Les one shot, dans le cadre de Generations, sont globalement inutiles, plats, poussifs. Et puis arrive ce Captain America de fin de parcours, et vous entamez la chronique en vous rendant compte que vous pourriez en parler pendant des pages. Que c'est dense, qu'il y a du potentiel et de la matière à développer dans cette grosse vingtaine de pages. Tout d'abord, la raison du choix des héros concernés par Generations, et l'explication de leurs "face à face" improbables devient claire, et finalement d'une logique imparable. Cela donne l'occasion d'une scène finale sympathique, du genre, le club de ceux qui ont été élus et changés. Et surtout, Sam Wilson n'est plus le même Sam au terme du récit. Lui aussi voyage tout à coup dans le temps, et se retrouve propulsé en pleine seconde guerre mondiale, à une époque trouble où les forces américaines font dans le recrutement intensif, afin de monter au front. C'est cette époque là qui voit naître le héros, la légende, Steve Rogers et le costume au drapeau étoilé, le symbole pour les forces US qui galvanise les troupes. Sauf que dorénavant, dans ce passé réécrit, il n'est pas seul, puisque dans les cieux virevolte aussi un homme courageux avec une paire d'ailes mécaniques. Sacré Faucon, on ne le changera pas, quelle que soit l'ère temporelle dans laquelle on le plonge.
Nick Spencer avait des choses à dire, beaucoup, voire trop. Il ne nous épargne pas non plus les moments intimes et le verbiage, qui ici est un peu plus justifié et pertinent. On apprécie de voir les doutes de Rogers, encore aux prémices de sa mission. Par contre, quelle frustration. Car cette fois le héros déplacé temporairement et temporellement ne reste pas le temps d'un combat, d'un verre au bar du coin, mais il s'installe, vit une véritable existence, année après année, évolue et devient père, change de statut et de rôle. Fermons les yeux sur le fait que Steve Rogers ne semble pas comprendre de suite que le jeune Faucon et son vieil ami et confident de la guerre sont la même personne à deux âges différents, et imaginons un instant ce qui aurait pu et du être une vraie mini série, avec cette vie alternative de Sam Wilson, qui aurait pu traverser des pans d'histoire américaine et occidentale, et nous donner le point de vue de l'Avenger d'aujourd'hui, dans l'obligation de ne pas interférer avec le passé, pour ne pas le changer... Nick, si c'est encore possible, on la veut cette histoire.
Et on la veut aussi dessinée par Paul Renaud, le temps que nous y sommes.
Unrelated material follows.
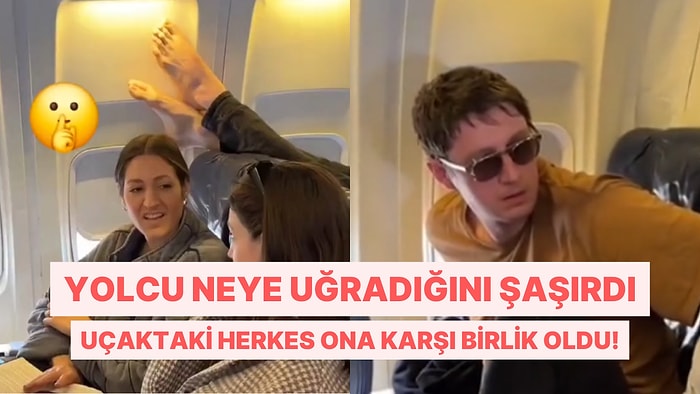 Bir Yolcuya Yapılan Şakaya Uçaktaki Herkes Dahil Olunca Ortaya Eğlenceli Görüntüler Çıktı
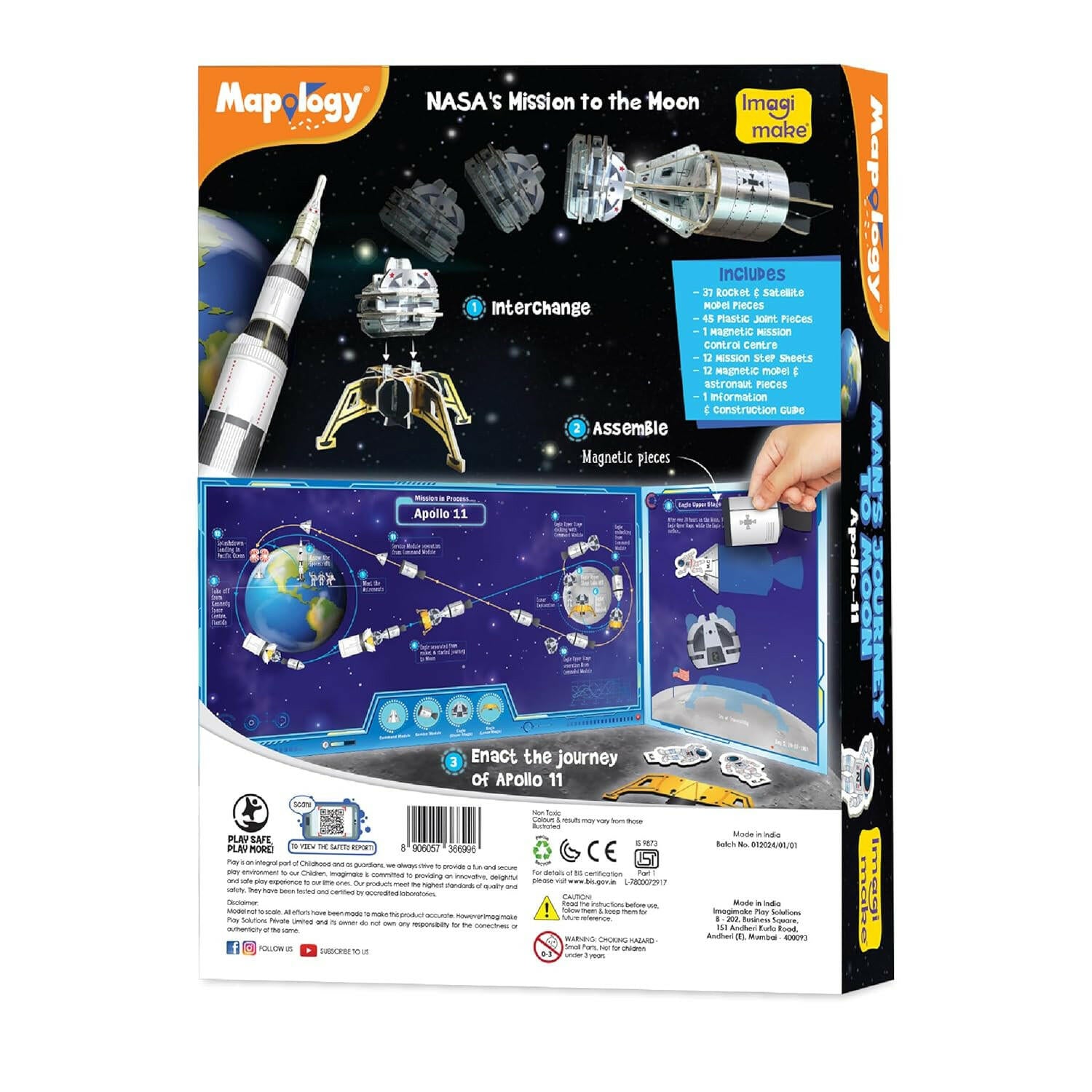 Imagimake Man's Journey To Moon Apollo - 11 - Mapology  Go Science Goods.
On a de la chance, Marvel confie ce numéro de Generations, un des rares qui vaut le coup, à un artiste d'ici, et ce dernier sort une prestation remarquable, associant la tradition et l'amour des comics d'antan (lisibilité et clarté des planches, pas d'entourloupes falacieuses) avec la modernité nécessaire à ce genre de job, brillament secondé par Laura Martin aux couleurs.
Le pire dans tout ceci, c'est que j'ai lu certaines critiques très acerbes sur les médias américains. Alors qu'il s'agit, je vous assure, de quelque chose qui porte en germe une idée brillante, solidement mis en images. Après inutile de reprocher aux artistes impliqués la validité du projet Generations en lui même, qui a été étalé comme un kilo de beurre sur une simple tartine. Un gros one-shot de 70/80 pages avec un pool d'artistes à la barre aurait largement suffit. Un beau graphic novel hommage, juste avant de lancer Marvel Legacy. Mais ayant autant le pouvoir d'influencer les choix de la maison des idées, que celui de faire revenir le président Macron sur sa loi de finance, UniversComics ne pourra rien faire pour Marvel Comics... Juste vous dire que ce Sam&Steve, personne ne vous reprochera de l'acheter.